→ **What you have to do**:
Word for word, copy the line that contains "Used 2020 Toyota" and each line after it in the data below. Pictures stay out of the copy.

→ **Raw data**:
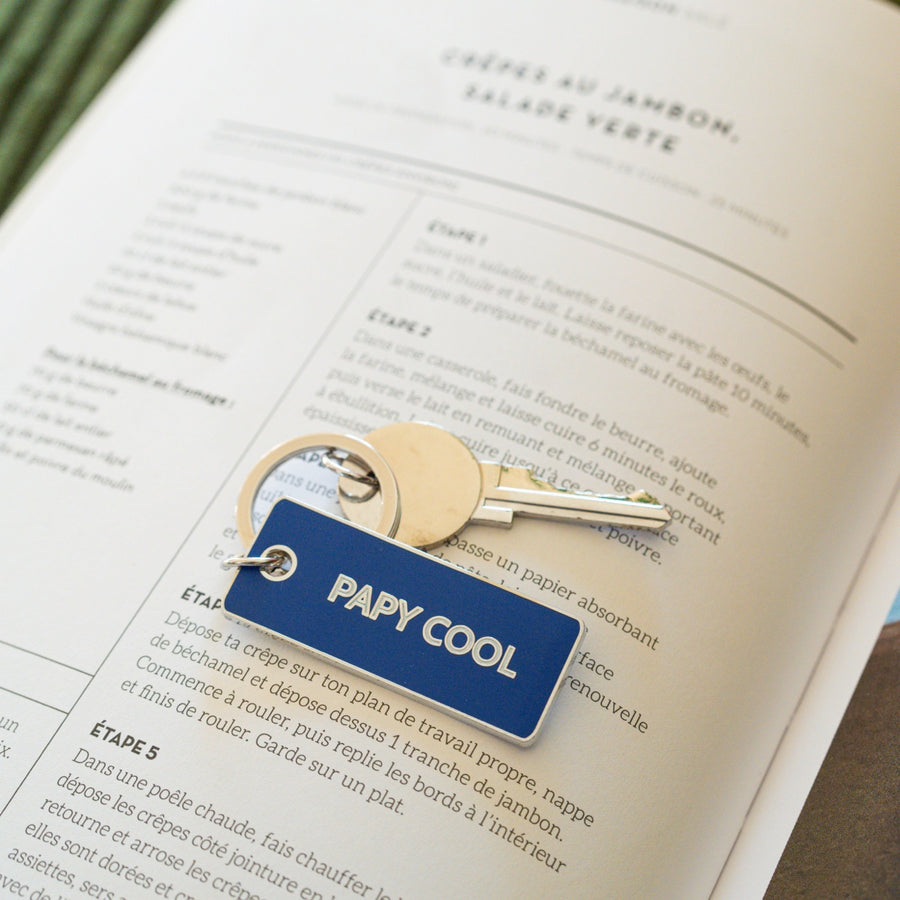 Porte-clé Papy Cool avec inscription humoristique en gros plan.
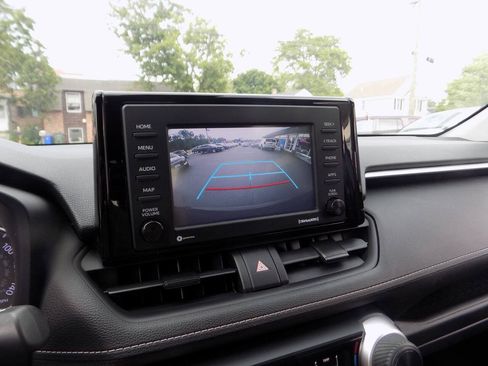 Used 2020 Toyota RAV4 LE w/ Carpet Mat Package AWD/4WD image 17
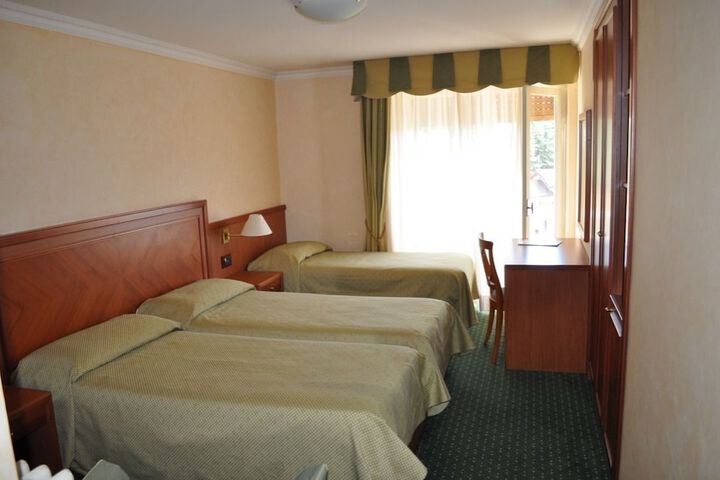 Room 14 of 69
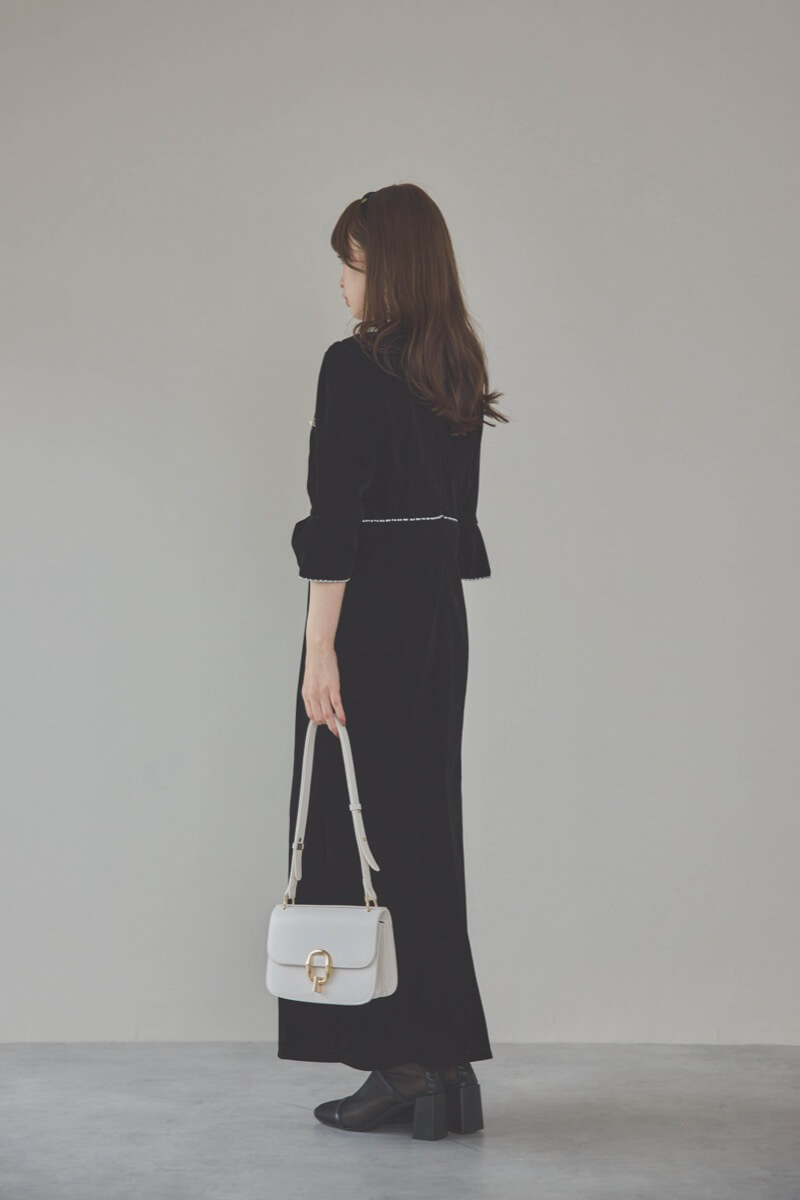 ブラックのヴィンテージビジューパール付きベロア風ドレス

→ **Written answer**:
 Used 2020 Toyota RAV4 LE w/ Carpet Mat Package AWD/4WD image 17
 Room 14 of 69
 ブラックのヴィンテージビジューパール付きベロア風ドレス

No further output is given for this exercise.